Just reading the subtitle of your blog made me wonder at first exactly what I’m doing here. Although I have tried dyeing, overdyeing, painting, resisting, silkscreening, stamping, fusing, and heat tools at one time or another, none of them have earned a permanent place in my repertoire. But then I found “slice” and “stitch” in your list, and felt more confident. Those two techniques pretty much make up my current body of work. I slice fabric apart, piece in a very thin line of contrast fabric, and stitch it back together again.
Here's a quilt in progress. You can see how if gets out of shape after many lines have been pieced in from different directions. I'll lose quite a bit around the edges after I trim it to square. (I suggest you stick with straight lines -- curved are way too difficult to learn at your first attempt.)
Now that I’ve taught you how to “draw lines” with piecing, it’s up to you where to draw them. Here are some suggestions:
- All your lines don’t have to go all the way across the piece. While you have a sliced line open, you can slice and restitch just half of the piece, then go back and complete the original line. Or you can make two parallel slices and sew intermediate lines in between the two cuts before you sew them back together.

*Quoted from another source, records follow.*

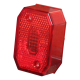 Lampglas Flexipoint I rood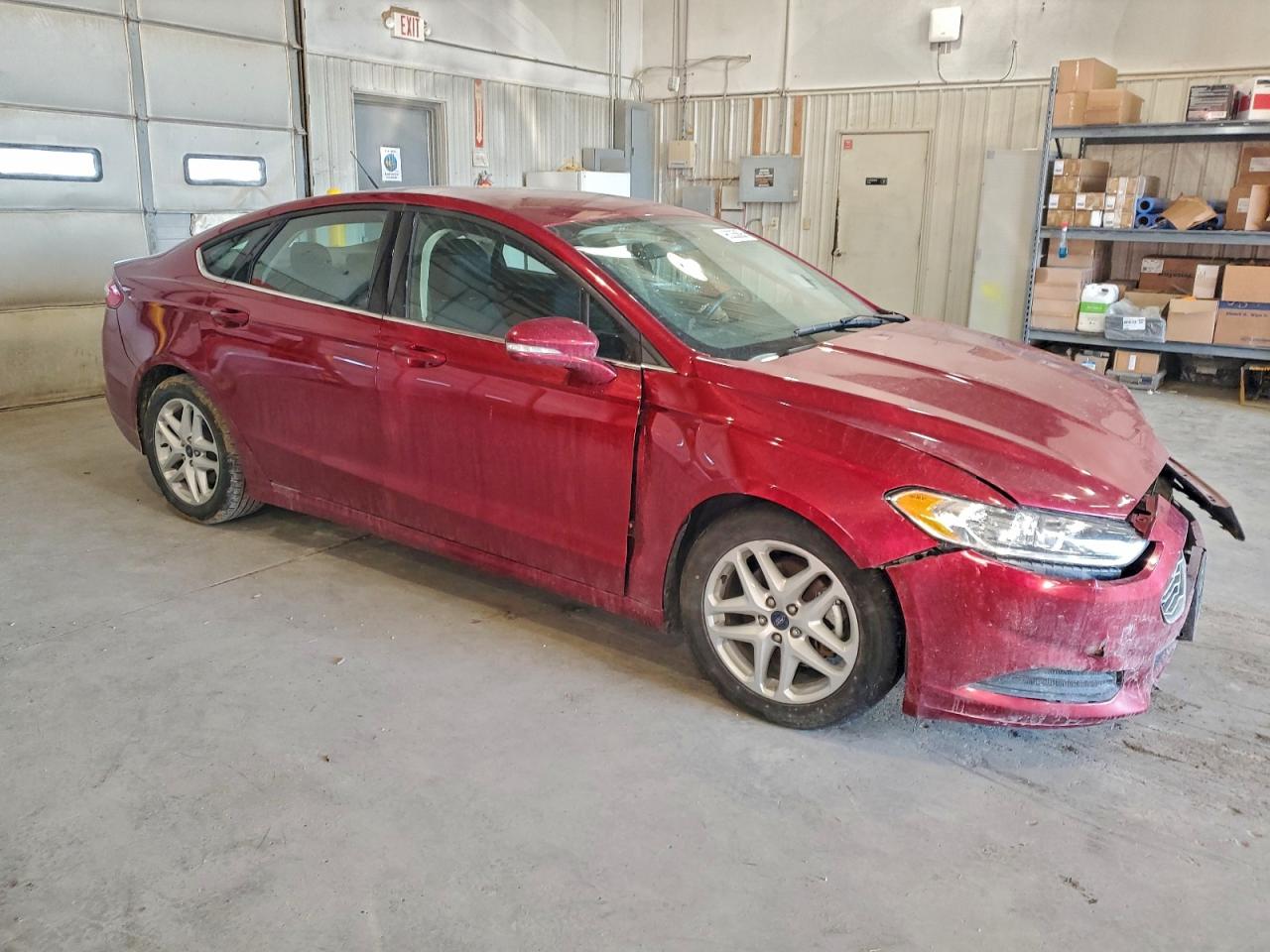 2016 FORD FUSION SE photo 4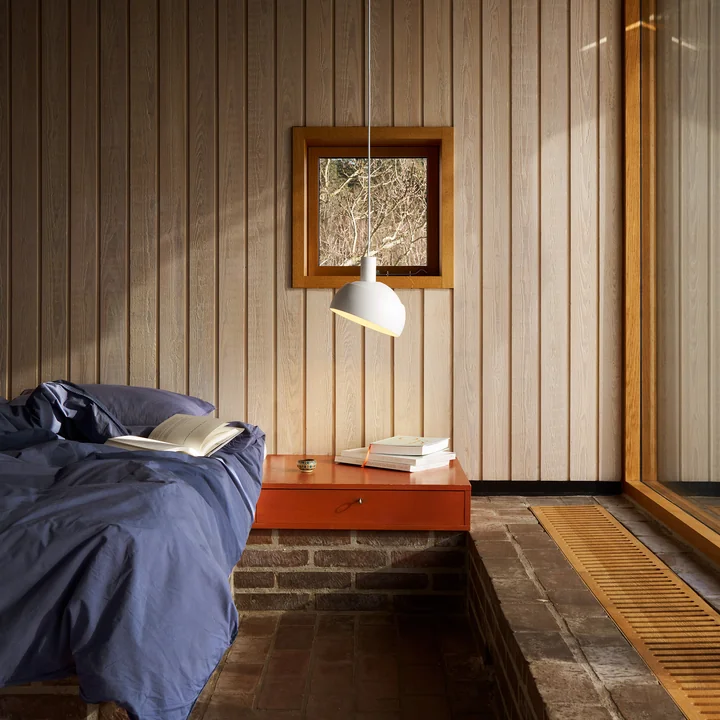 Louis Poulsen - FJ Elements Pendelleuchte Ø 25 cm, weiß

- You can combine different fabrics to make your original expanse of fabric. You can join them with a plain seam, or piece in a skinny line at the join.
- While you have a slice open, before sewing the two halves back together you can insert a wider strip of contrast fabric. It’s probably better to do this early in the process, so the join between the two colors can be offset by subsequent crossings.
- You’ll get a different character if your slices are all at right angles to the sides of the fabric, creating a gridlike pattern, or if they go on diagonals.
- Areas that are densely covered with lines have a different character than those sparsely lined. For interesting contrast, have some areas of your composition densely sliced and others less dense.
So find a piece of fabric that you did an exotic surface design on, and slice it up! Maybe you'll want to start with one that you don't like much, and see whether it improves with a line pattern over the top. And if it works, maybe you'll want to try it with a piece you love. Let me know how it works for you!